Syria Gets Credit for Gains in Iraq: Jihadists Come from US Allies
Friday, November 23rd, 2007
Iraq's foreign militants 'come from US allies'
Peter Walker
November 22, 2007 (Thanks "friday-lunch-club")
Guardian Unlimited
Around 60% of all foreign militants who entered Iraq to fight over the past year came from Saudi Arabia and Libya, according to files seized by American forces at a desert camp.
The files listed the nationalities and biographical details of more than 700 fighters who crossed into Iraq from August last year, around half of whom came to the country to be suicide bombers, the New York Times reported today.
In all, 305, or 41%, of the fighters listed were from Saudi Arabia. Another 137, or 18%, came from Libya. Both countries are officially US allies in anti-terrorism efforts.
In contrast, 56 Syrians were listed and no Lebanese. Previously, US officials estimated that around a fifth of all foreign fighters in Iraq came from these two countries.

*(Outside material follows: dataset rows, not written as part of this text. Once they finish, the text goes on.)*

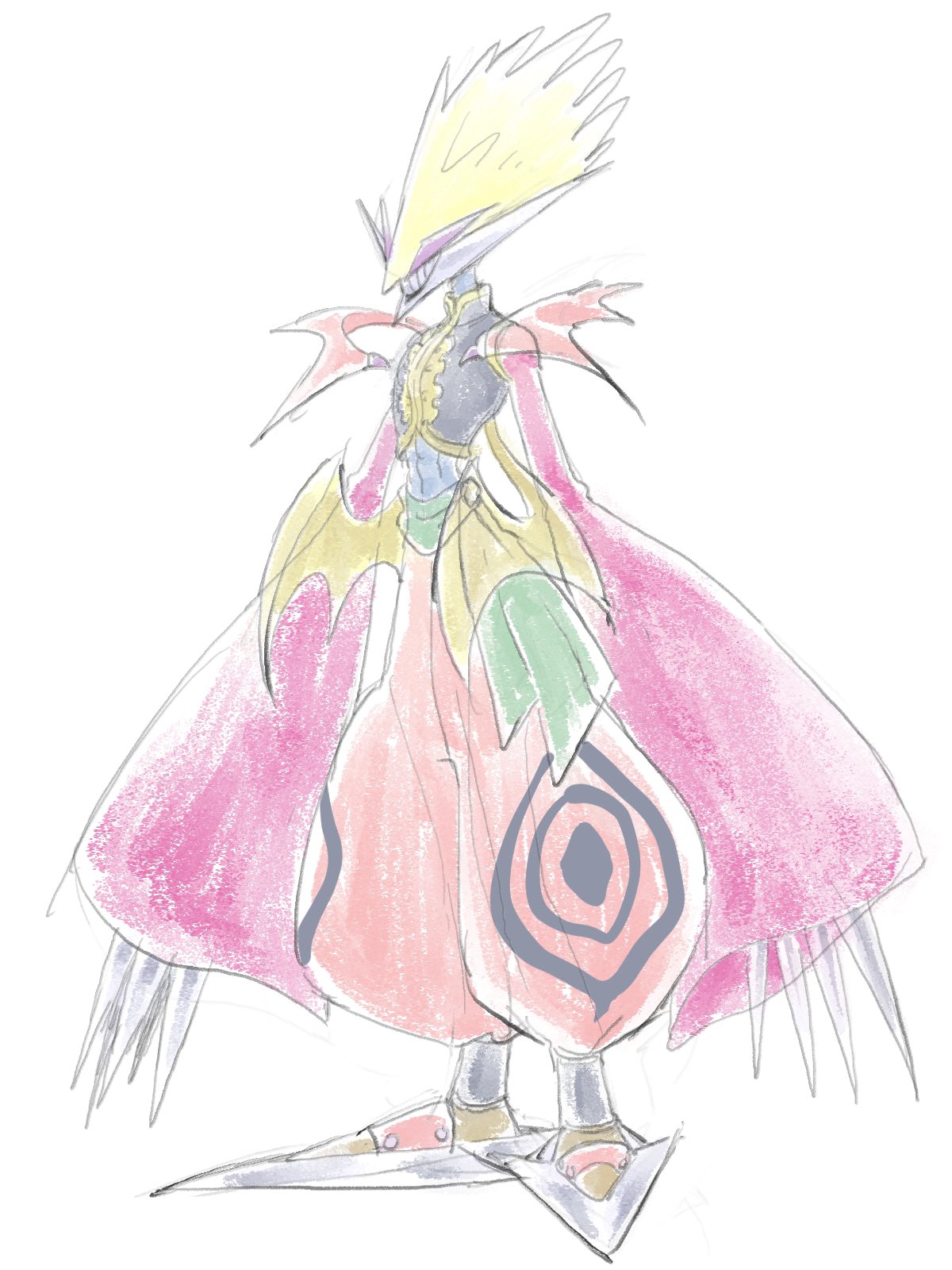 bat_wings, blonde_hair, claws, commentary, digimon, digimon_(creature), digimon_focus, full_body, grin, highres, hoisotsu01, long_claws, matadrmon, metal_shoes, pants, pink_sleeves, puffy_pants, red_pants, simple_background, smile, solo, standing, teeth, white_background, wings, yellow_wings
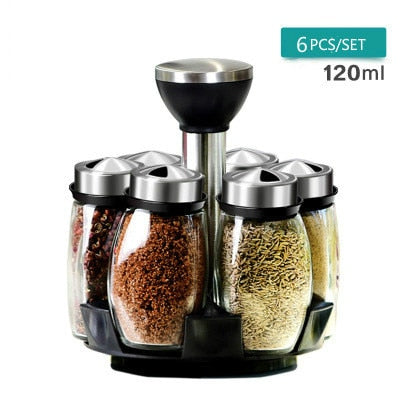 Rotating Cruet Condiment Seasoning Jars Set for Spices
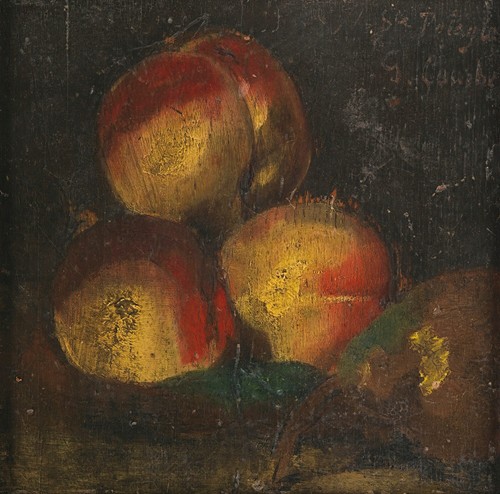 Gustave Courbet's 'Nature Morte Aux Trois Peches Et A La Poire' features a striking arrangement of peaches and a pear.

US officials have also long complained about Iranian interference in the affairs of its neighbour, accusing Tehran of shipping weapons for militants over the border. However, any assistance does not appear to extend to people, the paper said, reporting that, of around 25,000 suspected militants in US custody in Iraq, 11 were Iranian. No Iranians were listed among the fighters whose details were found.
The information came from files and computers seized in September when US forces raided a camp in the desert near Sinjar, a small town in north-west Iraq, close to the Syrian border. It was believed the camp was the base for an insurgent cell responsible for smuggling the vast majority of foreign fighters into Iraq.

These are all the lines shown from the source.